* [TASK DIRECTIONS]: From the line containing "Dr Vornoff Bela" down to the final line of the entries below, return each line exactly and drop the pictures.

▬▬▬▬▬▬▬▬▬▬

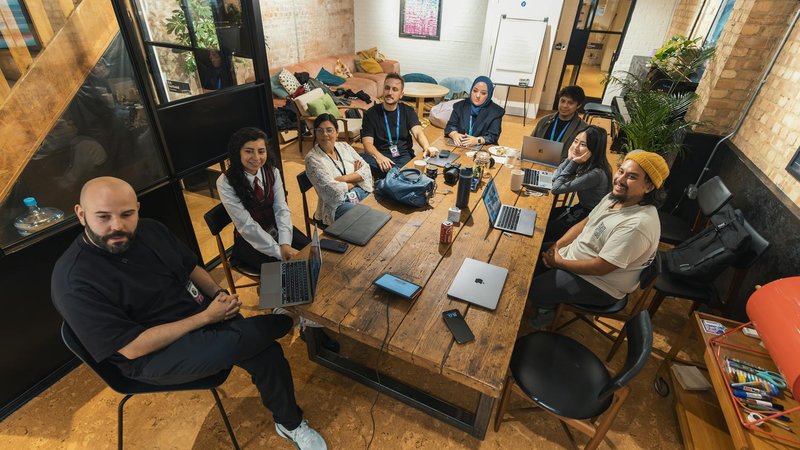 Claude AI team discussing innovative design strategies with Canva.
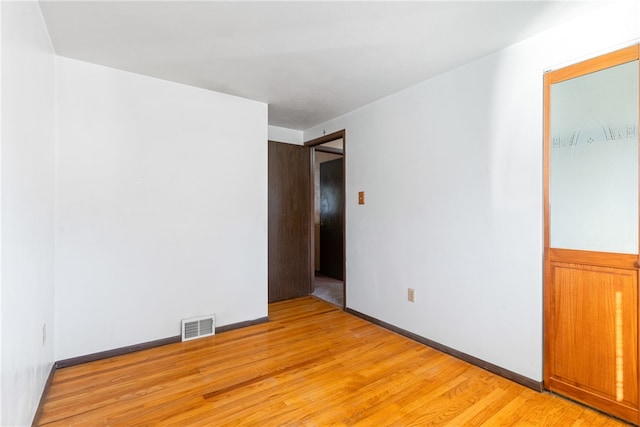 empty room with light hardwood / wood-style flooring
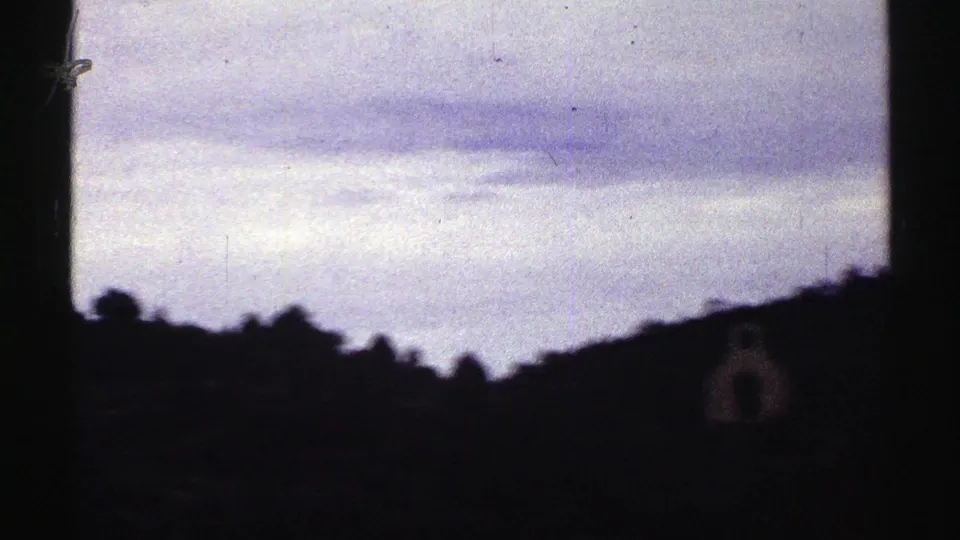 Colorado home-movie frame from 1969 showing clouds above a sloped silhouetted ridge and a small structure at lower right.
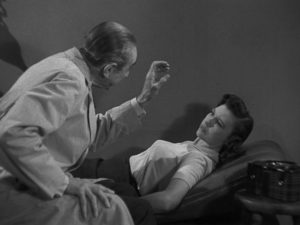 Dr Vornoff Bela Lugosi) uses his hypnotic powers to control Janet Lawton (loretta King)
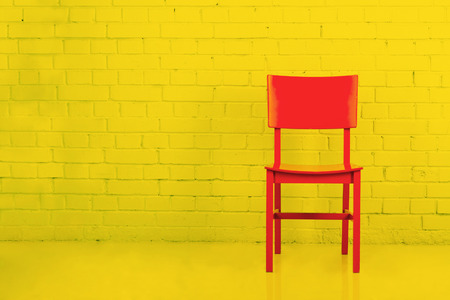Red wooden chair in empty room. Toned imageの写真素材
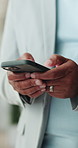 Phone, typing and hands of businessman in office with email for contact on finance negotiation. Tech, professional and financial manager with cellphone for communication on app for investment deal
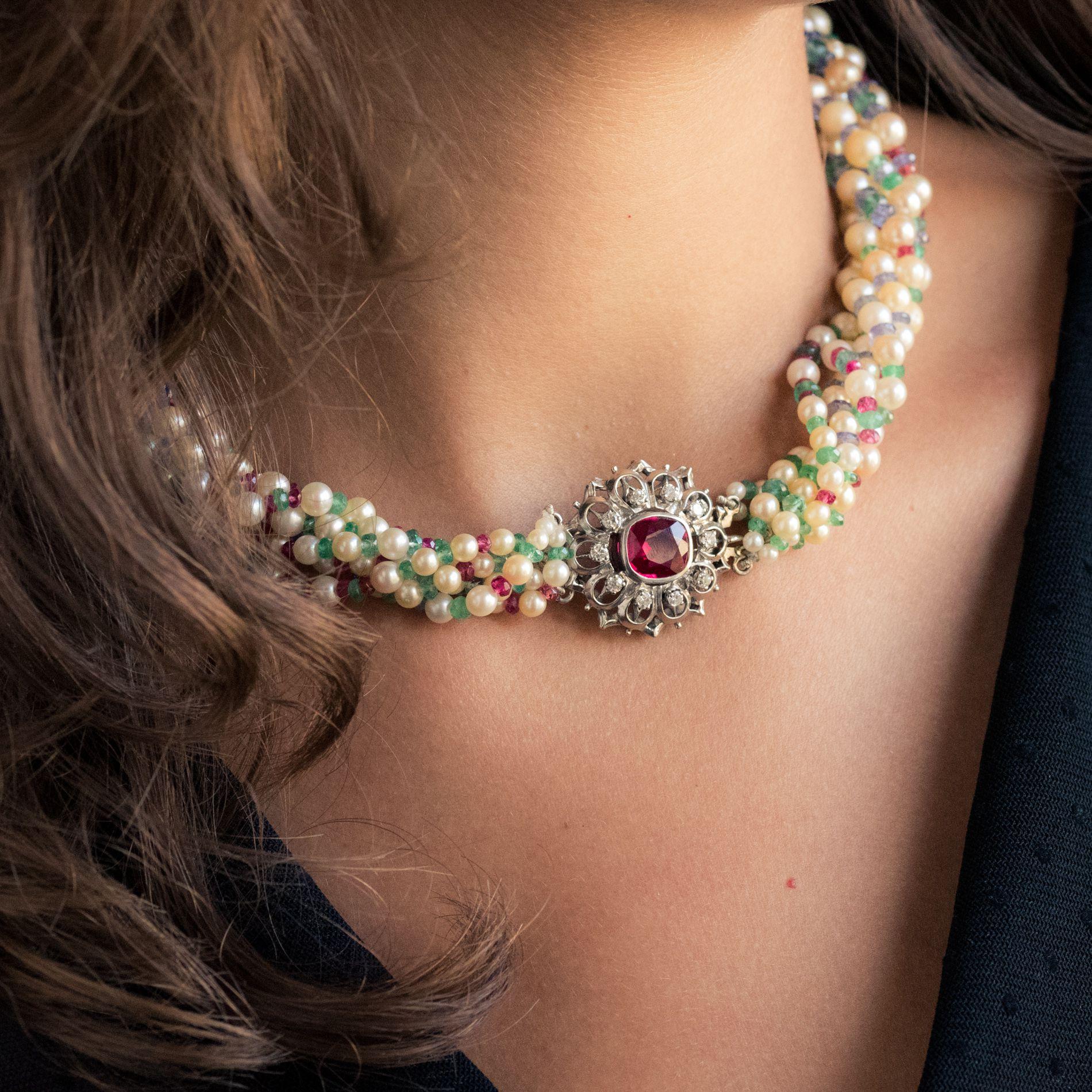 Baume creation - Unique piece.
Necklace of 6 rows of cultured white oriental pearls, diameters; 6.5/7 to 3/3.5, alternated with round and facetted oval emerald beads, pink facetted spinel beads, and facetted rubies and sapphires. The clasp is a 18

▬▬▬▬▬▬▬▬▬▬

* [ANSWER TO THE EXERCISE]:
 Dr Vornoff Bela Lugosi) uses his hypnotic powers to control Janet Lawton (loretta King)
Red wooden chair in empty room. Toned imageの写真素材
 Phone, typing and hands of businessman in office with email for contact on finance negotiation. Tech, professional and financial manager with cellphone for communication on app for investment deal
 Baume creation - Unique piece.
Necklace of 6 rows of cultured white oriental pearls, diameters; 6.5/7 to 3/3.5, alternated with round and facetted oval emerald beads, pink facetted spinel beads, and facetted rubies and sapphires. The clasp is a 18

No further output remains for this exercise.